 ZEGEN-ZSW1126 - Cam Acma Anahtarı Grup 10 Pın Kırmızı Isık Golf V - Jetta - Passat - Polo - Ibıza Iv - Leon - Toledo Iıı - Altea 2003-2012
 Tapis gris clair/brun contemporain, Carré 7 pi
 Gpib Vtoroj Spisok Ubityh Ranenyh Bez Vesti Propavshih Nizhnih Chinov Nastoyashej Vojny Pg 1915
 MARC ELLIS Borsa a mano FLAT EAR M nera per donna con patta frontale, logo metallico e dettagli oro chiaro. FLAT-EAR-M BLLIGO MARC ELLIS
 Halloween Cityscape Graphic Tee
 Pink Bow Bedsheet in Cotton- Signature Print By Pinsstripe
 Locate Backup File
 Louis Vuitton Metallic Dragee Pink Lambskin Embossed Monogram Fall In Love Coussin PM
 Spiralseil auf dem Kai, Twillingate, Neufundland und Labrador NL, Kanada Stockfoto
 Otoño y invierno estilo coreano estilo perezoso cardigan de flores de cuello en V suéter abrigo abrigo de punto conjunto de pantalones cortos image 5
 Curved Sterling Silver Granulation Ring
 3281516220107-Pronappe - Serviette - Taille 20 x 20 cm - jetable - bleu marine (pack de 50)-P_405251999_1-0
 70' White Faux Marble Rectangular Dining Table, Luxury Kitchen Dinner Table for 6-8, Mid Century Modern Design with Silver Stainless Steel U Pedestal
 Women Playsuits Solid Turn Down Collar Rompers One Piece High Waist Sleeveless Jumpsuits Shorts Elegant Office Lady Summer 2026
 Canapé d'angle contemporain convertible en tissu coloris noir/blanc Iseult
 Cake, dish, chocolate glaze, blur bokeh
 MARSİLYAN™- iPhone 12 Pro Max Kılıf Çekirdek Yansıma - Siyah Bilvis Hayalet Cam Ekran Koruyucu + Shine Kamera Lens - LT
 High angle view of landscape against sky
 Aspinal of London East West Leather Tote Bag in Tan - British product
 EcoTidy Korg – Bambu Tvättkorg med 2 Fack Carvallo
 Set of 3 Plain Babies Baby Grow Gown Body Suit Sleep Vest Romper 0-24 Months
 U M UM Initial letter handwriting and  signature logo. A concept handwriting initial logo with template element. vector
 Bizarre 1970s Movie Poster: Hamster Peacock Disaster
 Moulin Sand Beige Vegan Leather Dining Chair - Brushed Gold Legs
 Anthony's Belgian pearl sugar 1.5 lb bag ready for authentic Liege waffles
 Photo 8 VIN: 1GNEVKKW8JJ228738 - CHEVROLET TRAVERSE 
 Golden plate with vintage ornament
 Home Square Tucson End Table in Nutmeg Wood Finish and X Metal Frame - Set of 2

++++++++++++++++++++

● **Activity**:
Lines before the one containing "High angle view of landscape against sky" are left out. Repeat that line and all lines after it in the records above exactly.

● **Result**:
 High angle view of landscape against sky
 Aspinal of London East West Leather Tote Bag in Tan - British product
 EcoTidy Korg – Bambu Tvättkorg med 2 Fack Carvallo
 Set of 3 Plain Babies Baby Grow Gown Body Suit Sleep Vest Romper 0-24 Months
 U M UM Initial letter handwriting and  signature logo. A concept handwriting initial logo with template element. vector
 Bizarre 1970s Movie Poster: Hamster Peacock Disaster
 Moulin Sand Beige Vegan Leather Dining Chair - Brushed Gold Legs
 Anthony's Belgian pearl sugar 1.5 lb bag ready for authentic Liege waffles
 Photo 8 VIN: 1GNEVKKW8JJ228738 - CHEVROLET TRAVERSE 
 Golden plate with vintage ornament
 Home Square Tucson End Table in Nutmeg Wood Finish and X Metal Frame - Set of 2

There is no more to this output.